### About this task
Omit the images and reproduce the rest of the entries exactly.

--------

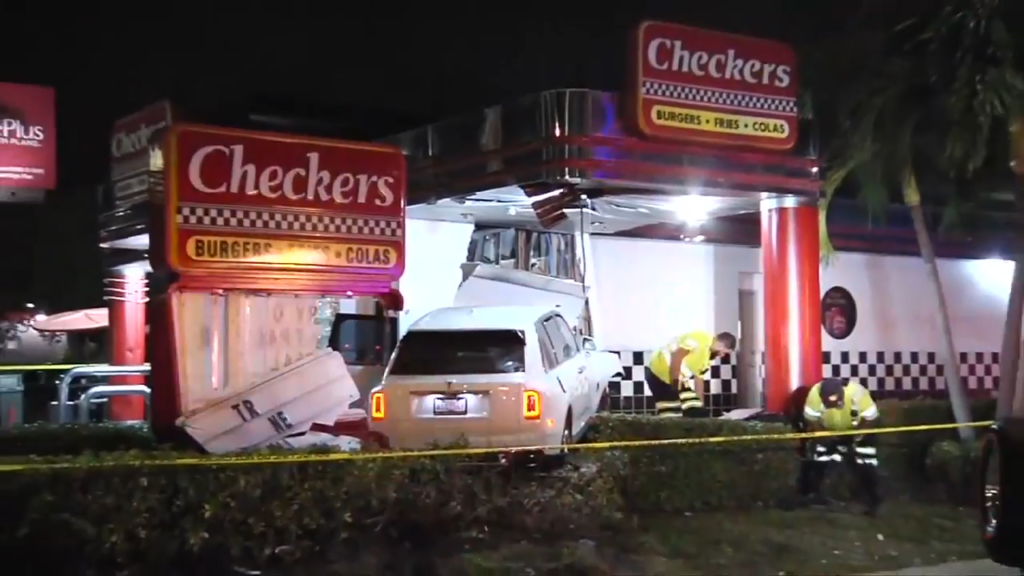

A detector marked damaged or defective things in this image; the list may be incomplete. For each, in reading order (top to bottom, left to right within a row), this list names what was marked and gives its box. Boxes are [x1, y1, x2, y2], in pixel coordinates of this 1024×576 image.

crashed white suv [368, 303, 622, 455]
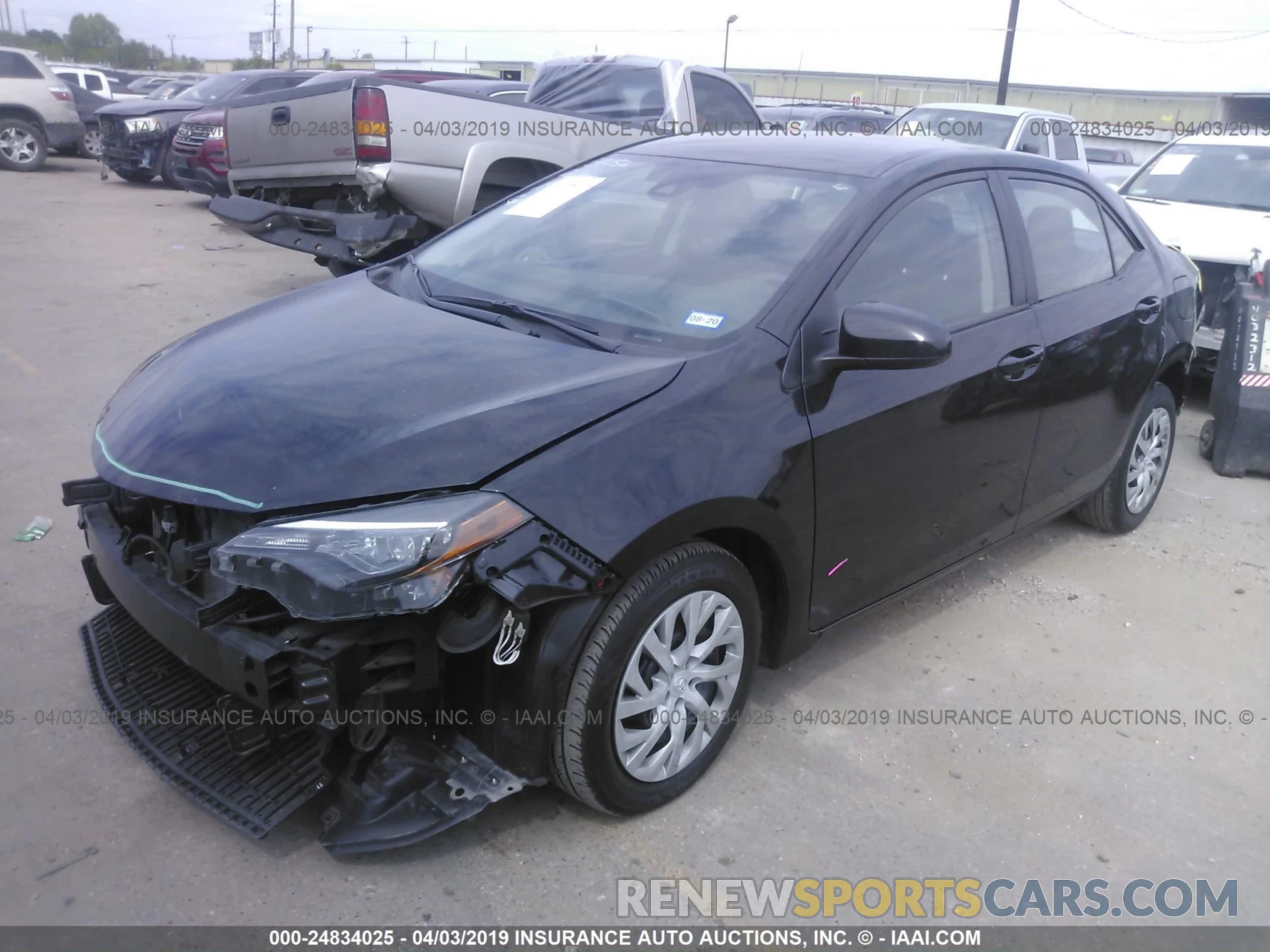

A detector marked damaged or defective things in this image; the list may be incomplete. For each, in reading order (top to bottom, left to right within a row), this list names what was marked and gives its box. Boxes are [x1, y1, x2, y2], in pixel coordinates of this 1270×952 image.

crumpled front bumper [209, 194, 418, 264]
wrecked pickup truck [212, 56, 757, 274]
bent hood [1122, 196, 1270, 264]
broken headlight assembly [210, 495, 529, 621]
bent hood [97, 274, 683, 513]
damaged black sedan [69, 130, 1196, 852]
damaged suv [67, 130, 1201, 852]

--------

### Exercise answer
A detector marked damaged or defective things in this image; the list may be incomplete. For each, in reading order (top to bottom, left to right within a row), this list names what was marked and gives its box. Boxes are [x1, y1, x2, y2], in pixel coordinates of this 1024×576 image.

crashed white suv [368, 303, 622, 455]

A detector marked damaged or defective things in this image; the list may be incomplete. For each, in reading order (top to bottom, left to right within a row), this list names what was marked and gives its box. Boxes are [x1, y1, x2, y2], in pixel coordinates of this 1270×952 image.

crumpled front bumper [209, 194, 418, 264]
wrecked pickup truck [212, 56, 757, 274]
bent hood [1122, 196, 1270, 264]
broken headlight assembly [210, 495, 529, 621]
bent hood [97, 274, 683, 513]
damaged black sedan [69, 130, 1196, 852]
damaged suv [67, 130, 1201, 852]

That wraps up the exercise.